En una zona así es evidente que no abundan los negocios de restauración, pero finalmente encontramos sin mayores problemas un lugar perfecto que se ve que no cierra en invierno.


Se trata del Bar Restaurante Benelux, que está como en tercera línea de playa y que es el típico lugar sin ínfulas de ningún tipo donde te puedes quitar el hambre tomando unas raciones por poco dinero. Se ajusta al perfil de restaurante de barrio en el que prima más la cantidad que la calidad de la comida. De todos modos, en ese momento era lo que buscábamos. Además, el bar tiene una terraza que es perfecta para los días de fuera de temporada en los que va uno buscando el sol como un lagarto.

En definitiva, en el Bar Restaurante Benelux Ana y Julia se zamparon sendos serranitos de un tamaño considerable, María pidió calamares fritos y yo me pedí un tomate aliñado que estaba criminal y un montadito de pollo que resultó ser medio bocadillo de filete con patatas precocinadas, pero ya digo que yo iba buscando un lugar tranquilo donde despejar mi mente y comer al sol con mi familia, y eso lo encontré en ese restaurante. Fue de esas veces en las que disfrutas del momento del almuerzo sin que te importe una mierda lo que te pongan por delante.


Después de comer llegó el momento de acercarnos al mar y fuimos de nuevo en dirección al Paseo Marítimo por la bajada más cercana.

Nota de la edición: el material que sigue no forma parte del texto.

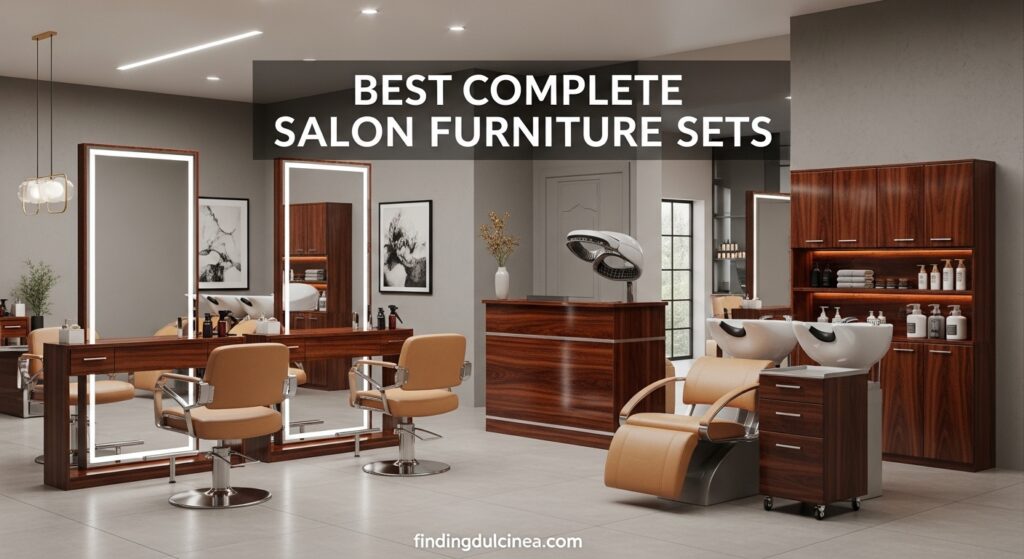 Current image: Best Complete Salon Furniture Sets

Por lo que pude ver, el Paseo Marítimo por ese lado también es estrecho y tiene los muros de la primera línea de casas dando directamente a él. Sin embargo, a finales de otoño su morfología y su disposición son secundarias gracias a la inmensa playa a la que se abre.


Nosotros echamos un par de horas en la playa disfrutando de la amplitud, la tranquilidad, el fresco aire marino y el sol otoñal. A mí la combinación de esos cuatro factores me proporcionan un placer y una tranquilidad de espíritu difícil de explicar. Matalascañas como población no es un lugar bonito, pero si se le da la espalda a las casas y a los pisos ofrece una playa que quita el sentido. Por eso no me canso de ir.



Aún así, a finales del otoño cuando el sol deja de calentar lo suficiente la temperatura cae en picado. En ese momento nosotros salimos de nuestro universo paralelo, abandonamos la Playa de Matalascañas y nos fuimos para el centro de la localidad con la idea de merendar.


Como ya he dicho otras veces, en Matalascañas el centro no está en medio de la población, sino en el extremo oeste. Allí se encuentra la zona comercial, que está formada por un curioso entramado de estrechas callejuelas que se asemejan a las de un zoco. La diferencia es que aquello no tiene un aire moruno, sino que el ambiente más bien parece sacado de un barrio del extrarradio de una gran ciudad.



En cualquier caso, aunque la tranquilidad era también la nota predominante en aquella parte, no fue difícil encontrar un lugar para tomar un café y para que las niñas se pidieran unos pasteles.

Después de la merienda en la Cafetería La Naranja nos acercamos paseando al Faro de Torre la Higuera y apuramos hasta que el sol empezó a desaparecer por el horizonte.


La caída de la tarde señaló el momento en el que ya tocaba volver a casa, con ese cansancio tan característico y tan agradable que tiene uno cuando ha pasado gran parte del día al sol y recibiendo aire del mar en la cara.


Reto Viajero MUNICIPIOS DE ANDALUCÍA
Visitado ALMONTE.
En 1994 (primera visita incompleta), % de Municipios ya visitados en la Provincia de Huelva: 2'5% (hoy día 30'4%).
En 1994 (primera visita incompleta), % de Municipios de Andalucía ya visitados: 1'5% (hoy día 20'6%).